What are hedge funds required to report?
James Williams
Published Apr 06, 2026
Funds would be required to report holdings quarterly if they have at least $3.5 billion of equities, up from the current threshold of $100 million. Hedge funds have long complained about U.S. rules that force them to reveal their investments to other traders.
Are hedge funds required to report performance?
In order to raise institutional money for your hedge fund, you will need good performance results. Even hedge fund managers who will not be focusing on raising money from institutional investors will need to have performance results in order to market the hedge fund.
How often do hedge funds report?
Mutual funds have to report their holdings on a quarterly basis and have up to 60 days after the quarter to do so.
How do you evaluate the performance of a hedge fund?
The best method to evaluate relative performance is to define a list of peers, which could include a cross-section of traditional mutual funds, equity or fixed-income indexes and other hedge funds with similar strategies.
Why hedge funds are not regulated?
As we’ve discussed, hedge funds are less well regulated than public listing because the types of investors have more funds which insulate them better from significant losses. These hedge funds can participate in riskier behaviors that aren’t available to mutual funds or index funds.
Who do hedge funds borrow from?
Investing in securities using credit lines follows a similar philosophy to trading on margin, only instead of borrowing from a broker, the hedge fund borrows from a third-party lender. Either way, it is using someone else’s money to leverage an investment with the hope of amplifying gains.
Under current requirements, fund managers with at least $100 million in securities must report their investments every three months. Hedge funds, mutual funds and other money managers reveal equity investments in forms known as 13Fs. They must be filed within 45 days of the end of each quarter.
How do hedge funds report performance?
Generally they report returns net of all expenses and fees. typically, all returns are net of all fees, management fee and performance fee. Management fee ( say, if it is 2%) is pro rata deducted ( 200 bp/12) every month. The performance fee is also deducted if the NAV is above the high watermark.

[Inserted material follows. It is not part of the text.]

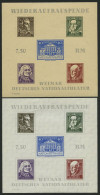 THÜRINGEN Bl. 3A/B, , 1946, Blockpaar Nationaltheater, übliche Gummibüge, Pracht, Mi. 90.- - Andere & Zonder Classificatie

Hedge funds are not subject to some of the regulations that are designed to protect investors. Depending on the amount of assets in the hedge funds advised by a manager, some hedge fund managers may not be required to register or to file public reports with the SEC. Understand the fund’s investment strategy.
What do you understand by a hedge fund?
Hedge Fund Interview Question#1 – What do you understand by a Hedge Fund? Answer: A hedge fund is a pool of investment in which investors contribute a sum of money managed by a hedge fund manager. This manager, in turn, will further deploy these funds to maximize their returns.
What happens to hedge funds when equities are down?
Many investors are under the impression that when equities are down, hedge funds should be up. In reality, hedge fund performance is dependent on both the strategy of the fund and the manager. Although many strategies can be lumped under the banner of “hedge funds,” each fund can perform quite differently. So, what is a hedge fund?
When do hedge funds have to file Form PF?
A.3: I am a registered adviser with more than $5 billion in assets under management attributable to hedge funds that, as a result of the June 15, 2012 compliance date of Form PF, is required to file my initial report on Form PF before August 29, 2012.
What’s the minimum investment size for a hedge fund?
Answer: Hedge funds normally have a minimum investment size of around $10 million with risk appetite to lose the entire money if such a situation does arise. The fund manager is involved as a partner in such an investment but one needs to still have a large risk appetite.